The second reason why you should wait past age 62 to start collecting social security is because you will have to pay higher taxes. If you are still working and collecting social security at age 62 you will have to pay the whole amount at your maximum tax rate. However, if you wait until you are retired your income will drop to zero and the social security income will be taxed at a much lower amount.

Earn More Money

The third reason why you should wait past age 62 to start collecting social security is because you will earn more money while you are still working. If you are still working at age 62 you will be contributing more money to the social security system, and the more you contribute the larger the benefit you could receive.
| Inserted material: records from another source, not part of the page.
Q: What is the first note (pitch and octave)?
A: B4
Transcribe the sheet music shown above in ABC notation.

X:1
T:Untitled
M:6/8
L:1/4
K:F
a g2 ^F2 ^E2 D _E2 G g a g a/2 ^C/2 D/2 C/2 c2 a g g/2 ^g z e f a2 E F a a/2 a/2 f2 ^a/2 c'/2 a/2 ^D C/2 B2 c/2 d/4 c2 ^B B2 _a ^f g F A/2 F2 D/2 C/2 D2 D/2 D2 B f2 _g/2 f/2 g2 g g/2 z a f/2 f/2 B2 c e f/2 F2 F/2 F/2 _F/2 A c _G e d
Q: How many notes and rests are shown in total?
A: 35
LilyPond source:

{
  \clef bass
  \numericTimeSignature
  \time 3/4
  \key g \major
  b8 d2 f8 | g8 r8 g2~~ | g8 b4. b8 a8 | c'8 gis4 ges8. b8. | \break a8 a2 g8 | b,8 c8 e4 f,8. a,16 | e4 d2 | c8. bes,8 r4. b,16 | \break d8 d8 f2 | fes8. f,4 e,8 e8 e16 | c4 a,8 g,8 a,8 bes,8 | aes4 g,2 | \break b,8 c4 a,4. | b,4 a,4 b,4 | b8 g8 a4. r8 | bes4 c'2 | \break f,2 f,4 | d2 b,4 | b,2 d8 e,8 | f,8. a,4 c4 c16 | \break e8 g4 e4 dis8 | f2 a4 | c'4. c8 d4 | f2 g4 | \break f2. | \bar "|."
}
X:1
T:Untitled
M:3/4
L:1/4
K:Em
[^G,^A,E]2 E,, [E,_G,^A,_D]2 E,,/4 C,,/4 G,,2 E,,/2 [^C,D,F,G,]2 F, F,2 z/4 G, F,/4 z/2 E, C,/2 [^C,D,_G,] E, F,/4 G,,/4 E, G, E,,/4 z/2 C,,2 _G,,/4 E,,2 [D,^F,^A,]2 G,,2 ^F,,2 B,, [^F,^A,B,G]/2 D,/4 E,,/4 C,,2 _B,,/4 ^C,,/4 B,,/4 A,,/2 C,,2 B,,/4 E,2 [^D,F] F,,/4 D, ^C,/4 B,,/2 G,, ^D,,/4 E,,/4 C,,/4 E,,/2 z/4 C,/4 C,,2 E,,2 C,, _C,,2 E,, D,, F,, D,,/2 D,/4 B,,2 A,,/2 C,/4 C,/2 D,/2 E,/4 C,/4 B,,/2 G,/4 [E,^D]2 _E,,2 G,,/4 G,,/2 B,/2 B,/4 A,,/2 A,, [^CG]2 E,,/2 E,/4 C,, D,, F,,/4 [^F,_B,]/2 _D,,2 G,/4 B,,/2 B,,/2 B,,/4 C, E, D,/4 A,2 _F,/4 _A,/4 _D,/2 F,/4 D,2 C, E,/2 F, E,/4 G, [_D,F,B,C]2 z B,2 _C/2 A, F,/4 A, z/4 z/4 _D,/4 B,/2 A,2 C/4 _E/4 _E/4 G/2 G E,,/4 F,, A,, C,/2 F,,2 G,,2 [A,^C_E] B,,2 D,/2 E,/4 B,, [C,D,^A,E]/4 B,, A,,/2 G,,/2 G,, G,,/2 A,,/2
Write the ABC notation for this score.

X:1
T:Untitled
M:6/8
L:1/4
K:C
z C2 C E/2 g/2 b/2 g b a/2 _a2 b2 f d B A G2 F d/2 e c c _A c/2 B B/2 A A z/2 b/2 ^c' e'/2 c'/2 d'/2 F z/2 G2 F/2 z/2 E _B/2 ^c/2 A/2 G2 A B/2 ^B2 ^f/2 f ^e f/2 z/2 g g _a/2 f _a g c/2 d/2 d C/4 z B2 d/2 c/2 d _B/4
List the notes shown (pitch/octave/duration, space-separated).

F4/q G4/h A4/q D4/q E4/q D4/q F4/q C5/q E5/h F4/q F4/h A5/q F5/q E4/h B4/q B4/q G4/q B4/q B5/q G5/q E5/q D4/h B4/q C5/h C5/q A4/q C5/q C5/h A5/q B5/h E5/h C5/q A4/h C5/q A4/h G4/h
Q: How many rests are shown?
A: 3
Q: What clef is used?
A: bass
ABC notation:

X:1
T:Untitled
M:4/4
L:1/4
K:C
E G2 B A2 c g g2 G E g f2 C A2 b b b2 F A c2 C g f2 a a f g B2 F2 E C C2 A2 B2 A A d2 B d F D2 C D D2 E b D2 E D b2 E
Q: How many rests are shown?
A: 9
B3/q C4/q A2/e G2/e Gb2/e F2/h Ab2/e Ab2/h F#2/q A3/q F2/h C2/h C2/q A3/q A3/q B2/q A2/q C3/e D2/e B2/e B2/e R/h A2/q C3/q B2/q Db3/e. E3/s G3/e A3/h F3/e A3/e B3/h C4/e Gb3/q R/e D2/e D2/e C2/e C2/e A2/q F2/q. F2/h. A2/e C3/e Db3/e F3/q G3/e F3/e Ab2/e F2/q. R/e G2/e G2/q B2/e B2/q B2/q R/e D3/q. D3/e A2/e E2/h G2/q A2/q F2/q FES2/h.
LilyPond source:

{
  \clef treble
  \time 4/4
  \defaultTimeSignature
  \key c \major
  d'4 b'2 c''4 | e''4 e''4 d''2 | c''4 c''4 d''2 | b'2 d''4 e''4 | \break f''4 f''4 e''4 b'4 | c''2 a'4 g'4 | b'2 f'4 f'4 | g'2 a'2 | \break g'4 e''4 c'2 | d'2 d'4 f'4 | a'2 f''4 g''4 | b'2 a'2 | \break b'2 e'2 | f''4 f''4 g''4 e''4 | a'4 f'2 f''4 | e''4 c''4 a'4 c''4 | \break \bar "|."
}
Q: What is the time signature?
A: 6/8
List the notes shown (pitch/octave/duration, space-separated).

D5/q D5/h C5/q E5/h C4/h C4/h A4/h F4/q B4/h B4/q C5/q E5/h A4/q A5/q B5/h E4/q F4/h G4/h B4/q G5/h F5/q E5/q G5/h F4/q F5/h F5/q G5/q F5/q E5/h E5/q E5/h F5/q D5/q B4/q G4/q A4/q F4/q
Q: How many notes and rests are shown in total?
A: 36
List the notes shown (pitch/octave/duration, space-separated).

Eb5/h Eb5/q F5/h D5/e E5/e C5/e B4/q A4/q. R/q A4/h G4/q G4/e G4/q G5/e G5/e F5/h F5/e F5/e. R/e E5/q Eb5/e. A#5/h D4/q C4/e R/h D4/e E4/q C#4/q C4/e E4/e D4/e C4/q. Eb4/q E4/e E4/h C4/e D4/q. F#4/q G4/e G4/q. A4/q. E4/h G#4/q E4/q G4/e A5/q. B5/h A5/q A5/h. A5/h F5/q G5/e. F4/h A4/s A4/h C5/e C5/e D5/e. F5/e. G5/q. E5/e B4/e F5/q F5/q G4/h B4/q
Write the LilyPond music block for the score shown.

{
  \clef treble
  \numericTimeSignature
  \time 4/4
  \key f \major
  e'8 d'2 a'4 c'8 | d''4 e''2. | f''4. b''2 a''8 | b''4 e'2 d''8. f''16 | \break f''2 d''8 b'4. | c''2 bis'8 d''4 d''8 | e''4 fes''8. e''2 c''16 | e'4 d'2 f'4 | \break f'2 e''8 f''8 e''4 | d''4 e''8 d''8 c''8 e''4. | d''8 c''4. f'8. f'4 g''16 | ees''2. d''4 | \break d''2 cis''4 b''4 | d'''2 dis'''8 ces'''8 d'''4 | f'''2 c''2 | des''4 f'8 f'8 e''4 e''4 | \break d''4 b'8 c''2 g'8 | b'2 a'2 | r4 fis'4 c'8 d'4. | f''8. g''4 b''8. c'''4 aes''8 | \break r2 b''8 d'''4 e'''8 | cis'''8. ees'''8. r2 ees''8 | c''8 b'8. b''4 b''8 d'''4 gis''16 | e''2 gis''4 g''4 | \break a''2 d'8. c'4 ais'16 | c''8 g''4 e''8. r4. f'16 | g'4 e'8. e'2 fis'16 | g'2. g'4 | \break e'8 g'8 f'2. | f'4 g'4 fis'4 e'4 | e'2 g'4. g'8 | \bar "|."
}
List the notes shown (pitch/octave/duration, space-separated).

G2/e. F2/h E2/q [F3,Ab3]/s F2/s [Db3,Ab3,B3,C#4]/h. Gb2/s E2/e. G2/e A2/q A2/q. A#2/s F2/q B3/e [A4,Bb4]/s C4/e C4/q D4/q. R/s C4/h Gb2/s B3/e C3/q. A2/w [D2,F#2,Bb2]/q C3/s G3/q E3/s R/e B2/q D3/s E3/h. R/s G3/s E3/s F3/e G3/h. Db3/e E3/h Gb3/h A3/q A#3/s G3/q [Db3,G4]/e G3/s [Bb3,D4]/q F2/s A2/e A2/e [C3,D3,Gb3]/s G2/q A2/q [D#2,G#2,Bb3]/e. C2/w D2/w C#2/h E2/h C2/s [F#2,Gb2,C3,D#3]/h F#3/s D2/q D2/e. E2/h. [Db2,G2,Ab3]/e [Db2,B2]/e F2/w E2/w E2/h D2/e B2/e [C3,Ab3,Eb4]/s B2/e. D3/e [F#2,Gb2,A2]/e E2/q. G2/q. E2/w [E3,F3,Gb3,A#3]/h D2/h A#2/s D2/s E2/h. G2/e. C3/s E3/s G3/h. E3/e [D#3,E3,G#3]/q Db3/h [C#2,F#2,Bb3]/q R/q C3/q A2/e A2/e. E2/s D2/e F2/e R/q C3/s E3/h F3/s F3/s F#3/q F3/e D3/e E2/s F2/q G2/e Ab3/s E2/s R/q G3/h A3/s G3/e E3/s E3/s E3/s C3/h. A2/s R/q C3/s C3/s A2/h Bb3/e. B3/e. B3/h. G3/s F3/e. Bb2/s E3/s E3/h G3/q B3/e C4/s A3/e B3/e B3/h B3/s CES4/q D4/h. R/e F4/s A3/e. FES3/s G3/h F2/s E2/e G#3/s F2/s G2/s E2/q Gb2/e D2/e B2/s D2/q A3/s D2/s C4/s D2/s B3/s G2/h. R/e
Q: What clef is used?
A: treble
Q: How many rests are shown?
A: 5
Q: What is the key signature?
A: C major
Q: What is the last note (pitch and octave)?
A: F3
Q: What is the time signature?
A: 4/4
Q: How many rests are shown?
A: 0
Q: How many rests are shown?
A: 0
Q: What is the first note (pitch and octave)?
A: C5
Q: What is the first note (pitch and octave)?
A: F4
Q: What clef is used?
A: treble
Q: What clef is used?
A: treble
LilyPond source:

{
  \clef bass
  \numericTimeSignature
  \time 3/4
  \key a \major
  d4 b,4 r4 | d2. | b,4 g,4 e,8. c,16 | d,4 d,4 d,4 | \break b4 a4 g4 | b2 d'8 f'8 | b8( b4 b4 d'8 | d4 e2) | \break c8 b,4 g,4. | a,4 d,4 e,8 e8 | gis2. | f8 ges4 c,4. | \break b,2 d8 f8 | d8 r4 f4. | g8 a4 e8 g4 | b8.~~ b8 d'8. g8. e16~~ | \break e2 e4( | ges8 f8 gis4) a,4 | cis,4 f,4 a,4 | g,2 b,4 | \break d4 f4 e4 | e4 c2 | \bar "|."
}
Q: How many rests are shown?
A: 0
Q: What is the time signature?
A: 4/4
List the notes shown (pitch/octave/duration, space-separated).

If you take it early, the additional money you put into the system past age 62 will not benefit you at all.



4 Responses to “Why Should I Wait Past Age 62 To Start Collecting Social Security?”

  1. Tim Anderson says:

    Incredibly helpful bless you, There’s no doubt that your current visitors will probably want even more blog posts of this nature keep up the good content.

  2. Very illuminating bless you, I reckon your trusty readers could very well want a great deal more well written articles of this nature keep up the good content.

  3. Particularly insightful appreciate it, I think your subscribers might want a great deal more articles such as this continue the excellent hard work.

  4. david green says:

    This paragraph below is from the SS site and I believe
    should be part of the explanation you put forth.

    You can get Social Security retirement or survivors benefits and work at the same time. But, if you are younger than full retirement age and earn more than certain amounts, your benefits will be reduced. It is important to note, though, that these benefit reductions are not truly lost. Your benefit will be increased at your full retirement age to account for benefits withheld due to earlier earnings.